**SUPPLIED DATA**:
┄┄┄┄┄┄┄┄┄┄┄┄┄┄┄┄┄┄┄┄
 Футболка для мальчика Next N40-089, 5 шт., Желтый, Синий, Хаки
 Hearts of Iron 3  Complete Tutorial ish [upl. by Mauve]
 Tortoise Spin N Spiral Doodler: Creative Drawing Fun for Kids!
┄┄┄┄┄┄┄┄┄┄┄┄┄┄┄┄┄┄┄┄
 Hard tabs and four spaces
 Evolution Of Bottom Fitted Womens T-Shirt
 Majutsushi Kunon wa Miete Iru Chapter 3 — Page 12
┄┄┄┄┄┄┄┄┄┄┄┄┄┄┄┄┄┄┄┄
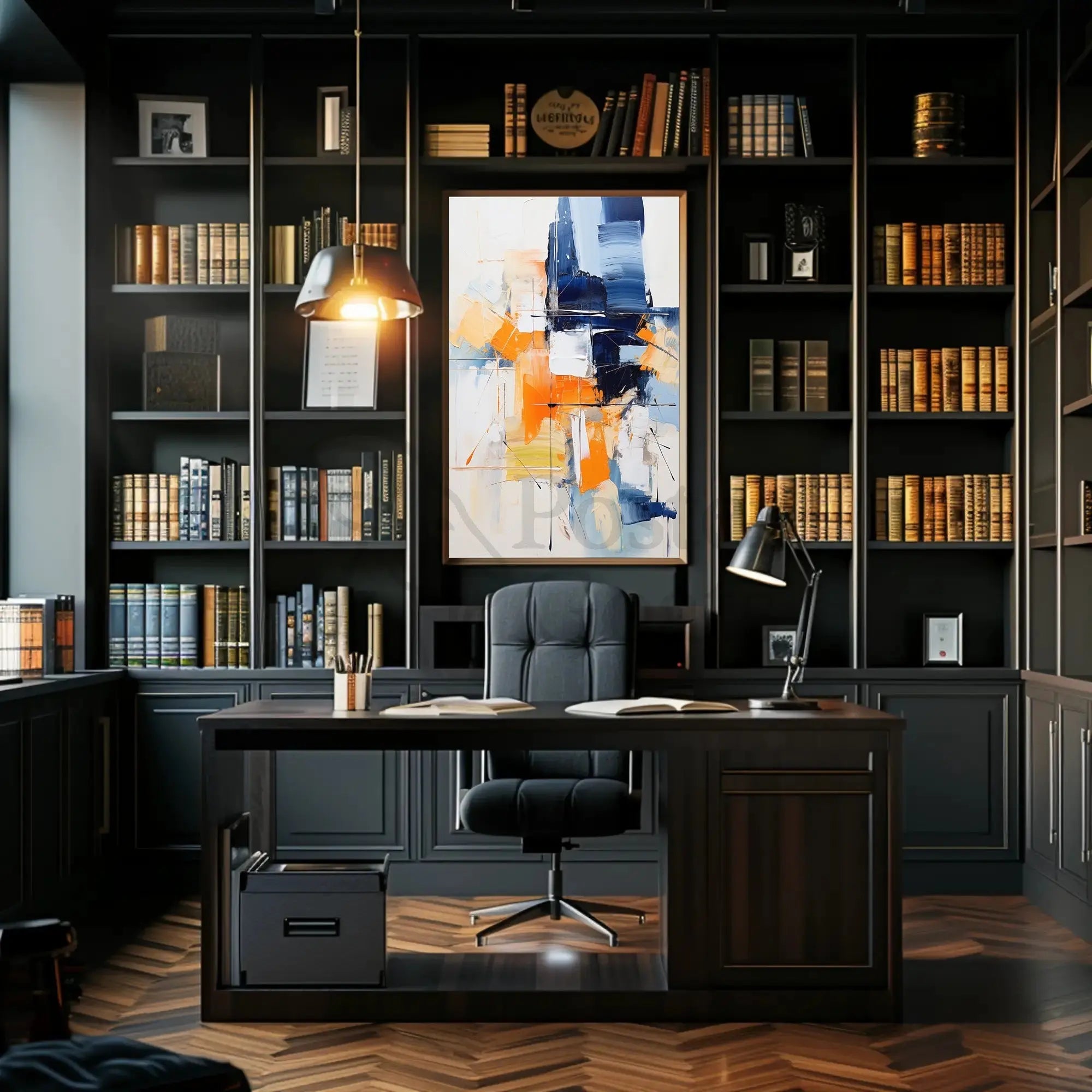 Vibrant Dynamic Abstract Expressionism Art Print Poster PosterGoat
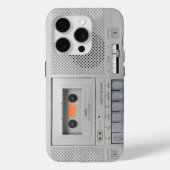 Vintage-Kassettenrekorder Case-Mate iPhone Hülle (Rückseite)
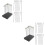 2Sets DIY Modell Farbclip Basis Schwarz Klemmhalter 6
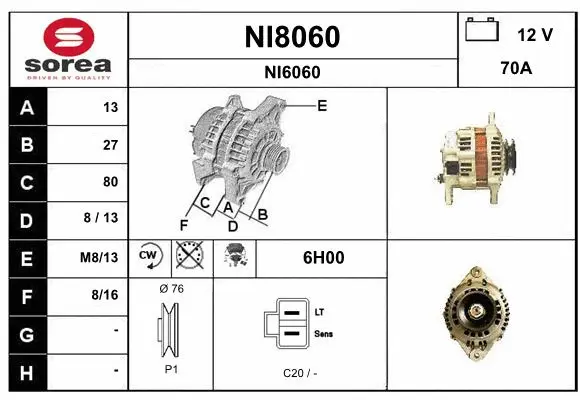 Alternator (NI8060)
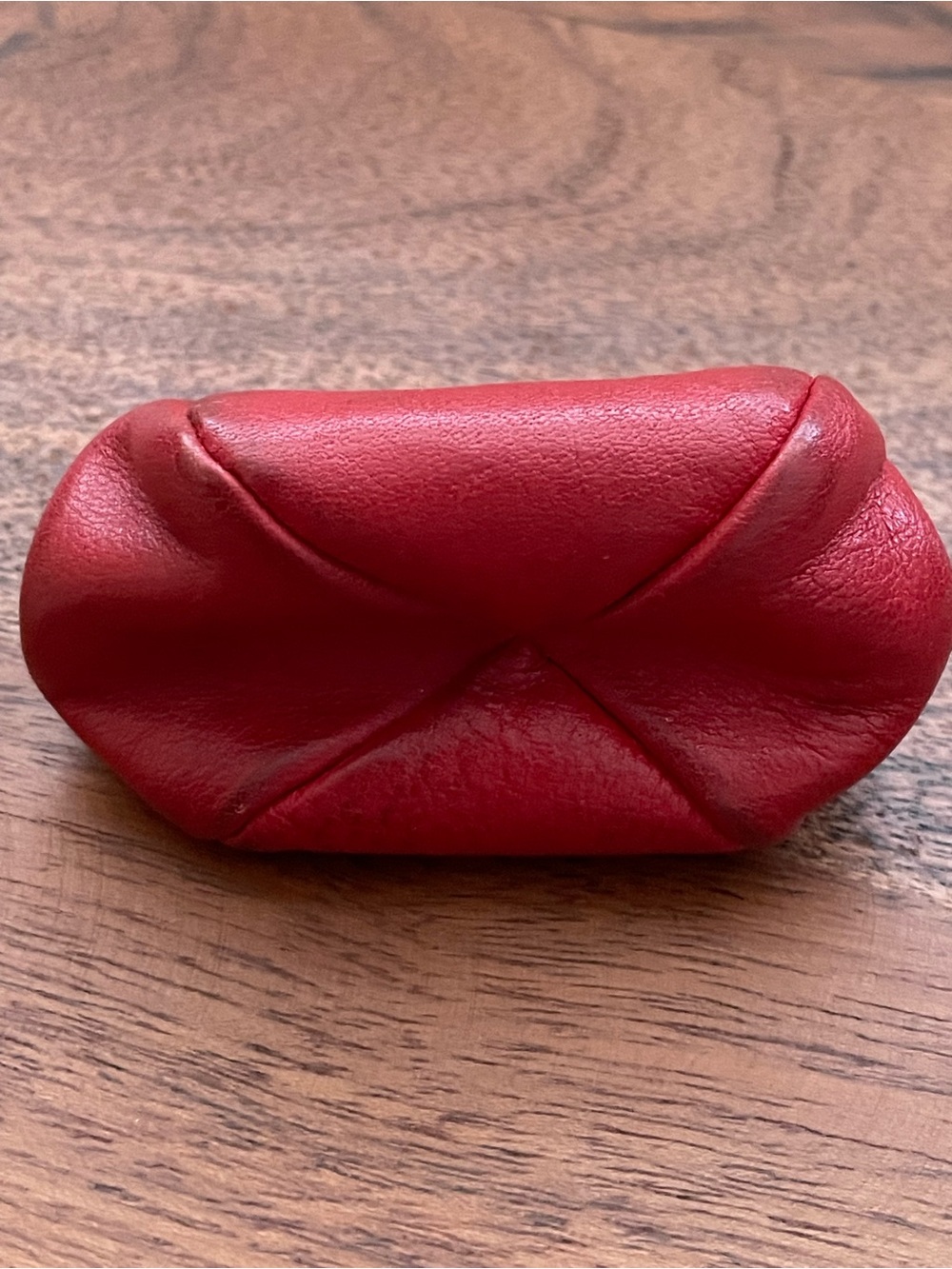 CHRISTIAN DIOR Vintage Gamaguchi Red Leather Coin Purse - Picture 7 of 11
┄┄┄┄┄┄┄┄┄┄┄┄┄┄┄┄┄┄┄┄
**TO DO**:
Retype exactly the span of lines from the one with "Футболка для мальчика" through the one with "Tortoise Spin N"; include both ends and omit the rest of the material.

**SOLUTION FOR THIS PROBLEM**:
 Футболка для мальчика Next N40-089, 5 шт., Желтый, Синий, Хаки
 Hearts of Iron 3  Complete Tutorial ish [upl. by Mauve]
 Tortoise Spin N Spiral Doodler: Creative Drawing Fun for Kids!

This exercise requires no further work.